My guide is Roelof Schutte — an Afrikaner with icy, wolf-like eyes and the ability to make aardvark dung just as exciting as a coalition of hungry cheetah on the prowl — and we’re joined by Rakita Shololo, an elderly Maasai (he estimates he’s somewhere in his mid-to-late-seventies) with a face gullied by deep wrinkles and a gentle, calming demeanour.
Rakita’s from the hunter-gather Dorobo tribe, who are best known for strolling up to huge prides of lions and stealing their kills from fresh under their noses (YouTube it. Seriously.)
The lion cocks her head; I notice teats swinging heavy and bloated below her body. It dawns on us: she’s got cubs. And as we all know, nothing’s fiercer than a mother protecting her children.
Lions have been something of a theme for our trek, which has taken us straight into the path of some of Africa’s most dangerous animals.
We’ve had huge prides surrounding our camp in the dead of night, roaring to one another as we set out each morning under the swell of bruise-coloured clouds.
I’ll be honest. I’d always thought of walking safaris as short pockets of terror that punctuate the more relaxing game drives offered by most camps. But spending so much time out in this incredible landscape is beginning to rewire my thinking.

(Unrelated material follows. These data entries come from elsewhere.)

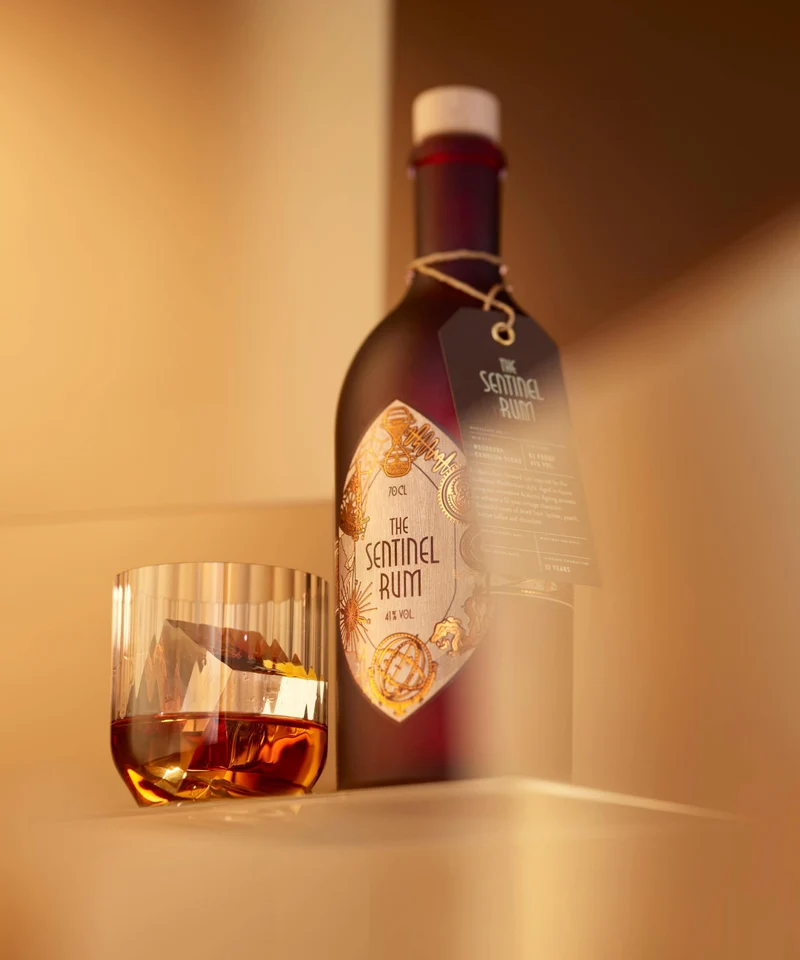 The Sentinel Scented Rum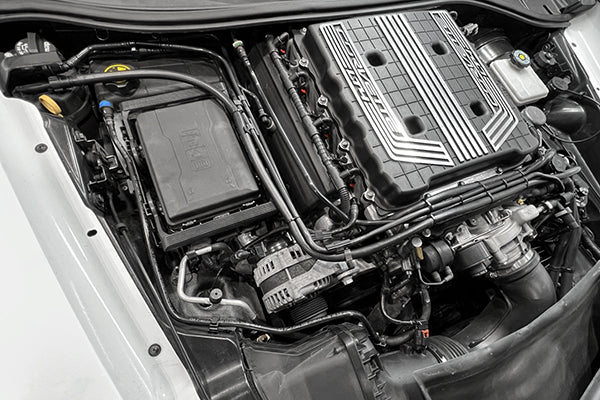 Radium Engineering 15-19 Corvette Z06 Dual Catch Can Kit Fluid Lock Vehicles & Parts Radium engineering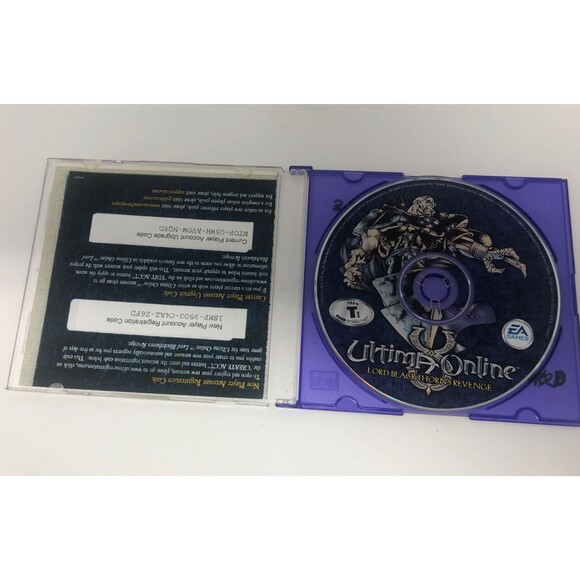 Ultima Online Lord Blackthorn's Revenge McFarlane 2002 PC EA Game Action Figure! - Picture 10 of 16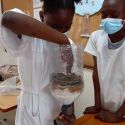 At School 3117, Grade 6 pupils learned about the importance of clean drinking water and conducted experiments in water purification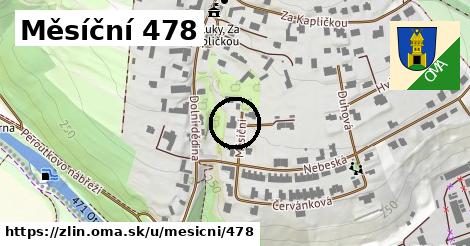 Měsíční 478, Zlín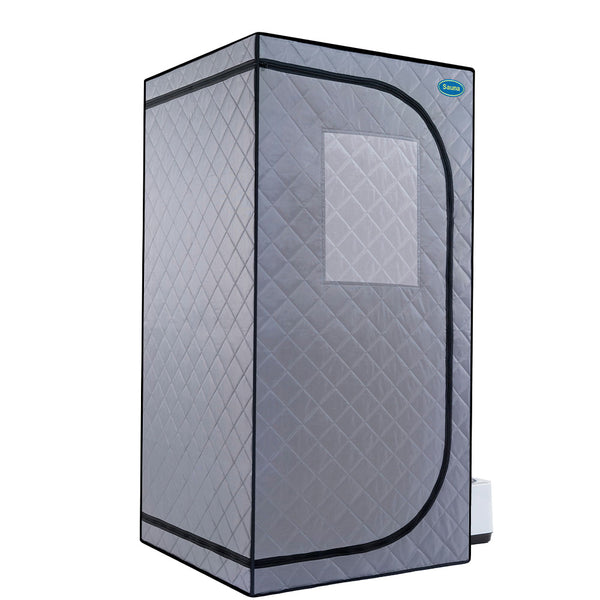 Portable Mini Plus Steam Sauna Tent (Grey)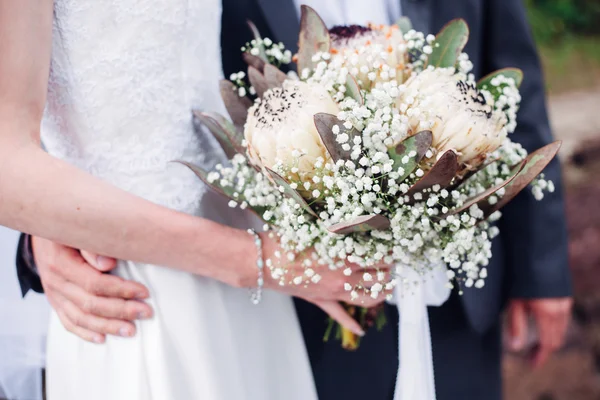 Ramo de fondo de novia —  Fotos de Stock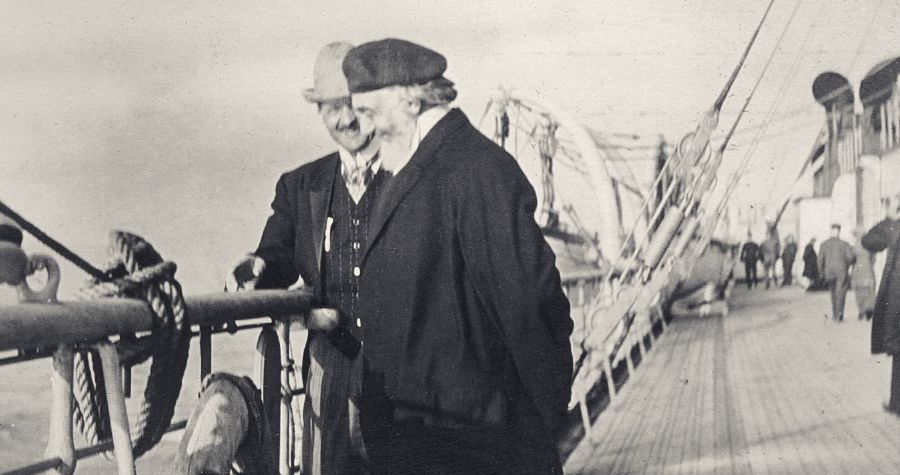Ruman Russell riba Lusitania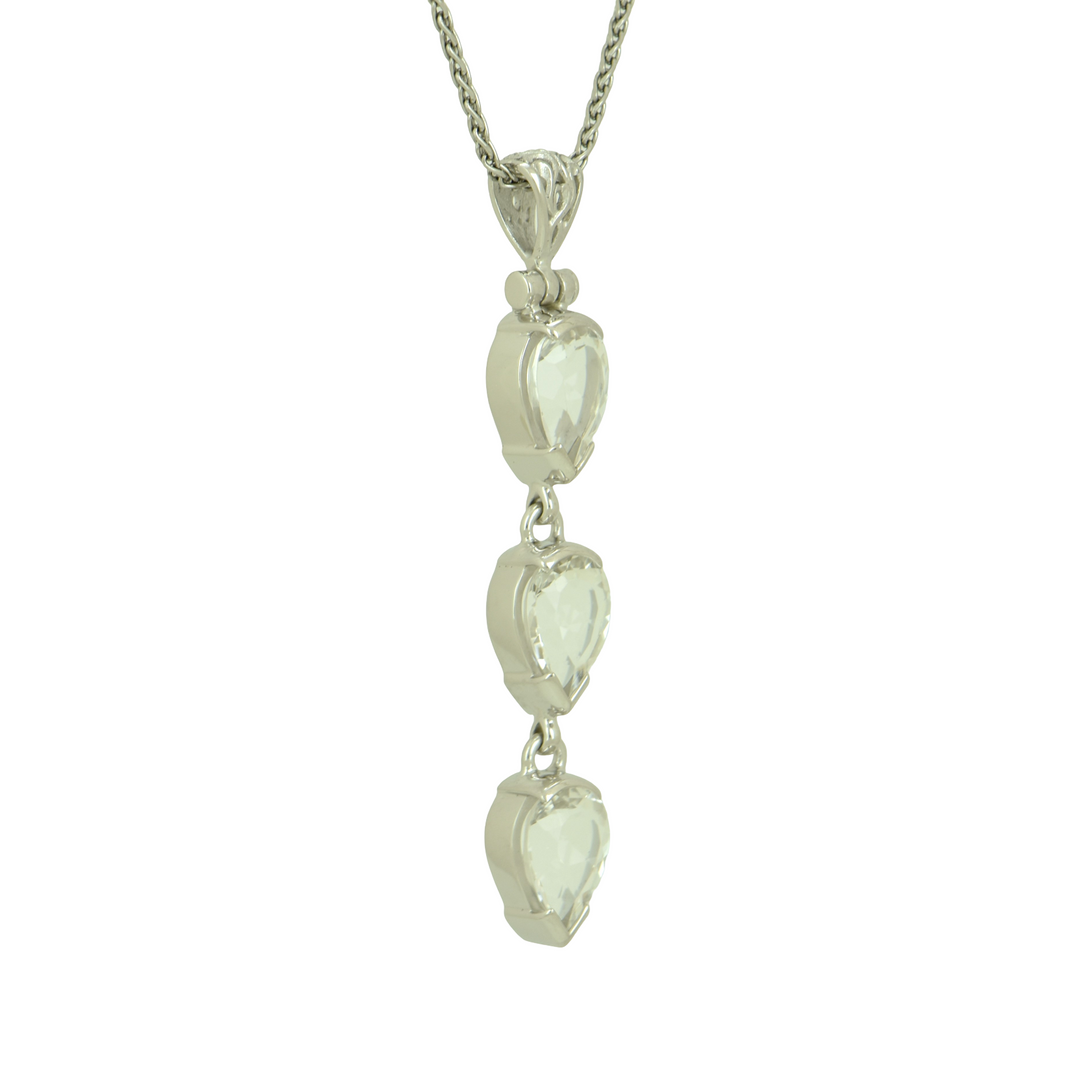 Petalite Pendant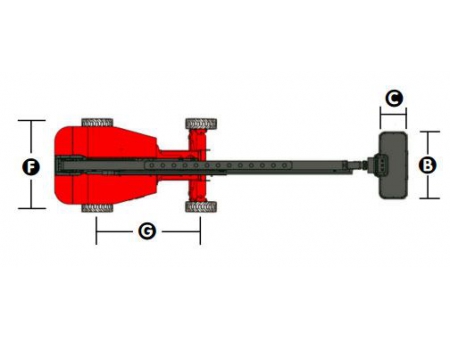 Self-Propelled Telescopic Boom Lift, HT270/HT285J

But this safari is not all about the big creatures. As we walk, Roelof points out “mouse highways” and piles of elephant dung that have been pillaged by hungry baboons and frenzied mongooses.
While resting our blistered feet, we gaze down upon termite mounds being raided by armies of solider ants — tiny cities under siege. Rakita plucks sour plums from the bushes, presenting them to us like jewels, and we spend quiet moments pondering tiny terrapins floating in just-filled puddles. If this isn’t mindfulness, I don’t know what is.
Each day as I pause to catch my breath (which is often), I let the sounds of the bush wash over me: spider-hunting wasps that sound like heavy duty cargo helicopters as they pass; noisy “thick-knee” birds whose chirps sound like the wheeze of a rundown car battery.
At night, the rains that fall from raven-black clouds pummel my tent like a thousand tiny fists. Thunder rolls around the valley like steel drums, and sheets of lightening illuminate the vast, eerie landscape.
But the most invigorating aspects of my walk are not the knee-deep river crossings or the close calls with big cats. Instead, it’s the visits we make to some of the conservation projects working in and around the Mara.
When we drop into the Mara Elephant Project, muddied and sweat-soaked, we learn about new tracking technologies being implemented to prevent human/wildlife conflict.
We’re shown rusty piles of snares and spears used to persecute these animals, and try to lift huge elephant-tracking collars above our heads.
A trip to the Mara Predator Conservation Programme HQ shows us how each individual lion in the Mara is ID’d by its whisker spots, and how gaining the trust of the surrounding communities is crucial in conserving this fragile land and the animals that thrive here.
Because we are, of course, on someone else’s land. Many of the conservancies that orbit the world-famous Maasai Mara National Reserve — such as the Naboisho, Mara North, Lemek and Ol Chorro conservancies I’ve trekked through — work in tandem with the local people.
In many of these conservancies, tourism companies rent the land off these rightful owners, meaning they can still keep cattle, they don’t lose access to their own property and they are given a monthly income. It’s a conservation model that’s flourishing, and one we bear in mind constantly while out on foot. “When we walk, we don’t leave tyre tracks, we don’t burn diesel, we don’t make noise,” says Roelof.
He’s right. I don’t think I’ve ever felt more immersed in a single environment on any of my travels. And knowing we’re protecting it by covering it on foot is even more rewarding.
I’m left feeling sunburnt, soggy and, as hackneyed as it sounds, humbled by the trip I’ve just taken.
When it comes to safaris, it really doesn’t matter whether you’ve got a fancy lodge with a private plunge pool. Who cares about Wi-Fi on tap and state-of-the-art Land Rovers? Get out on foot and you’ll feel like you’ve really got under the surface of this remarkable landscape.